Berdasarkan kitab Sa’ad bin Abdullah al-Asy-’ariy al-Qummy ini teranglah bahwa Syi’ah Imamiyah 12 itu timbul belakangan dan tidak pernah ada dan diketahui di masa Rasulullah saw, dan al-Khulafaa ar-Rasyidin. Ia merupakan kombinasi berbagai faham Syi’ah yang ada sebelumnya. Dengan demikian menjadi suatu kesulitan untuk menelaah faham mereka yang sejati., kecuali dengan merujuk kitab-kitab yang dijadikan pegangan hingga sekarang.
Sekilas Tentang Sejarab Kitab-Kitab Syi’ah
Kitab-kitab tentang Firaq asy-Syi’ah (Firqah-firqah) serta keyakinan dan pendapatnya dikarang sebagian oleh para Mutakallimun Syi’ah, sebagian lagi dikarang oleh para Muhadditsun, dan sebagian lagi dikarang oleh para Muarrikhun. Di antara para pengarang dimaksud ialah:
1. Abu Isa, Muhammad bin Harun al-Warraq (w. 247 H di Baghdad), scorang ulama ilmu kalam Syi’ah Imamiyah, dengan kitabnya berjudul: lkhtilafus Syi’ah Wal Maqaalaat. Keberadaan kitab itu diakui oleh Sayyid al-Murtadha ‘Allamul Huda, al-Mamqani di dalam bukunya Tanqiihul Maqaal, dan oleh an-Najasyi di dalam kitabnya Rijaalun Najasyi. Kitab Ikhtilaafus Syi’ah ini merupakan yang tertua menunut an-Najasyi.

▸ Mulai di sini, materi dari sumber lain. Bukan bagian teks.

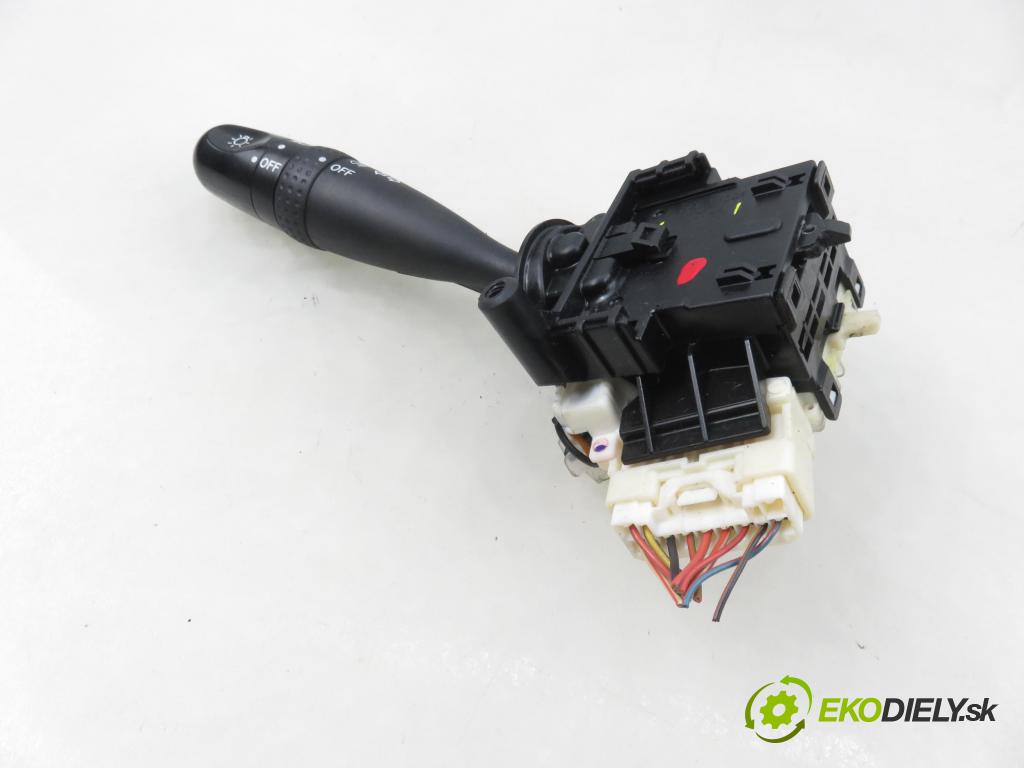 SUZUKI SX4 (EY, GY) CROSSOVER 2008 79,00 1.6 VVT 4x4 (RW 416) 107 - M16A 1586,00 / páčka ľavá strana 173744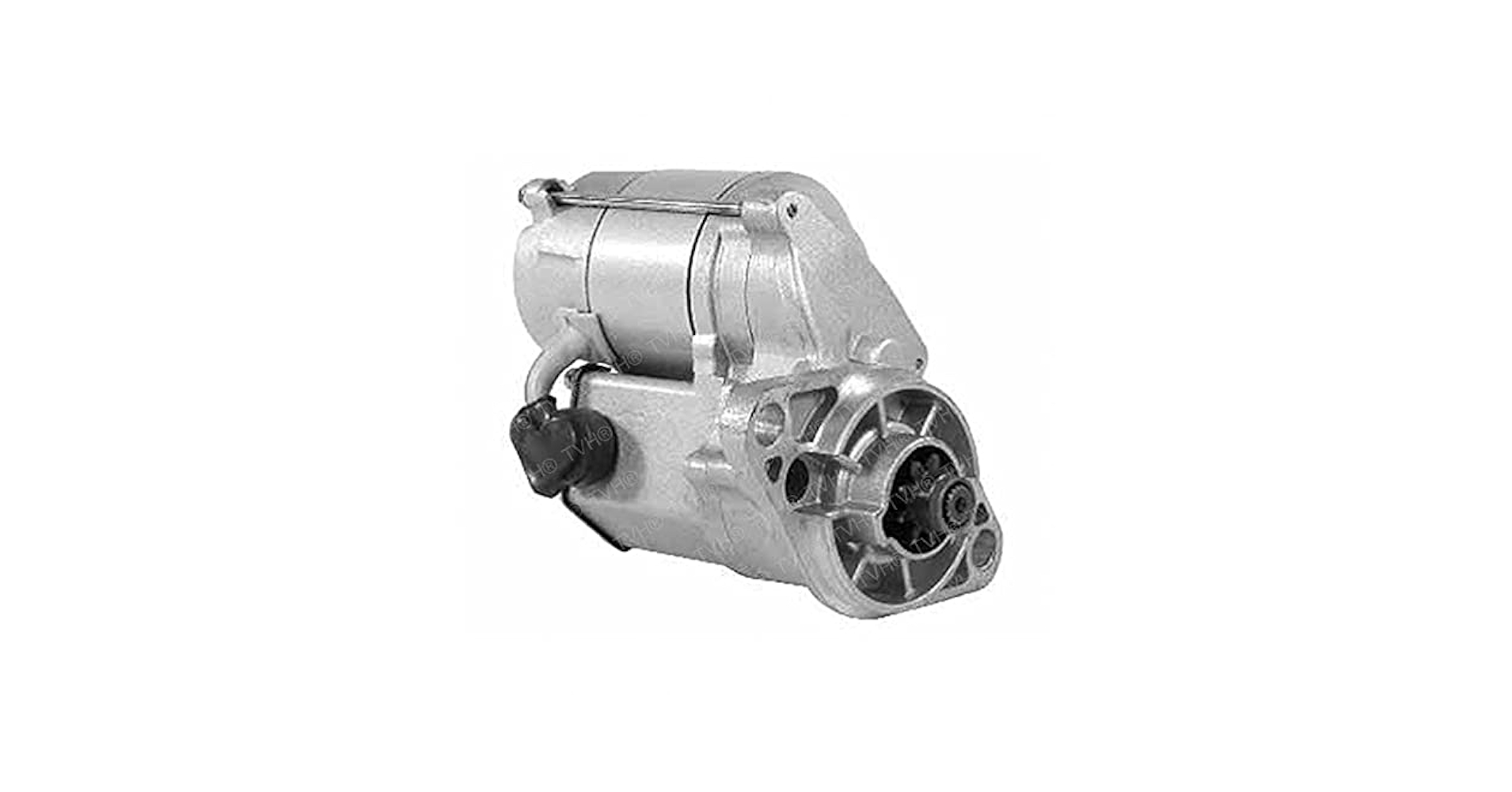 Amazon.com: Toyota 28100-20552-71 Starter - New DENSO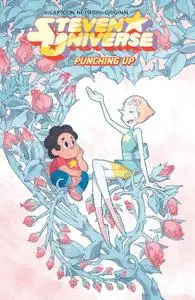 BOOM Studios-Steven Universe Vol 02 2021 Hybrid Comic eBook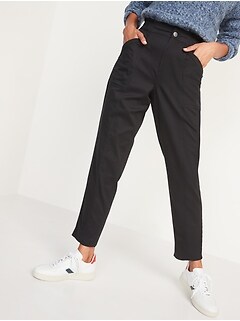 old navy clearance women's pants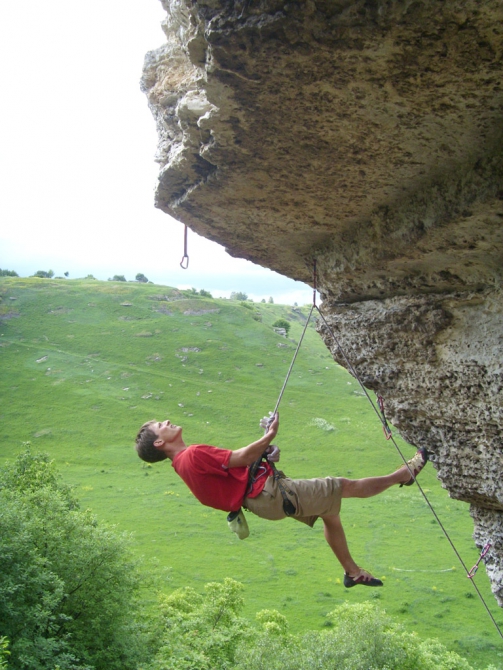 Воргол: гонка, фестиваль скалолазания, slackline и все, все, все... (Скалолазание, скалолазание, nikita adventure race)
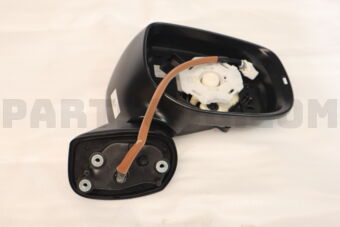 91036FL412 Subaru R VIEW MIR UNIT  LHR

2. Abu Muhammad, al-Hasan bin Musa an-Nawbakhty (w. antara tahun 300-310 H), seorang ulama kalam Syi’ah Imamiyah dalam bukunya Firaqus Syi’ah, dan ar-Raddu Ala Firaqis
Syi’ah ah.
3. Abul Qasim, Nashr bin as-Shabbab al-Balkhi (w. pada separuh pertama abad ke-4 H).Menurut riwayat al-Iyasyi Abul Qasim ini mengarang kitab berjudul Kitabu Firaqis Syi’ah.
4. Abul Muzhaffar, Muhammad bin Ahmad an-Na’iimi (w. 356 H), dari golongan Syi’ah Nawusiyah, dengan kitabnya Firaqus Syi’ah dan al-Ibanah Anilkh-tilaafin Naasi Fil Imamah.
5. Abu Khalaf, Sa’ad bin Abdullah al Asy’ari al-Qummi (w. 301 H), dengan kitabnya berjudul Kitabul Maqaalaati Wal Firaq. Kitab ini dinamakan oleh an Najasyi dengan Firaqus syi’ah, sedangkan oleh at-Thusi dinamakan Maqaalaatul Imamah, dan oleh al-Majlisi dinamai al-Maqaalaatu Wal Firaq Wa Asmaauha Wa Shunufuha.
Dalam bidang hadits, kitab besar yang dikarang pada masa yang sama dengan kitab-kitab di atas ialah Ushulul Kafi oleh Muhammad bin Ya’kub al-Kulaini (w. 328 H) kitab Man Laa yahdhuruhul Faqiih oleh Ibnu Babweih al-Qummi yang dipanggilkan dengan Syeikh Shaduq (w. 381 H). kitab Tahdzibul Ahkam dan al-Istibshar oleh Muhammad bin Hasan at-Thusi (385-460 H).
Dalam bidang tafsir/ilmu tafsir dapat dicatat antara lain: kitab Tafsir al-Qummi kalangan Ali bin ibrahim al-Qummi, guru al-Kulaini, Tafsir, al Iyaasyi oleh Muhammad bin Mas’ud al Iyaasyi as-Samarqandi, dan lain-lain.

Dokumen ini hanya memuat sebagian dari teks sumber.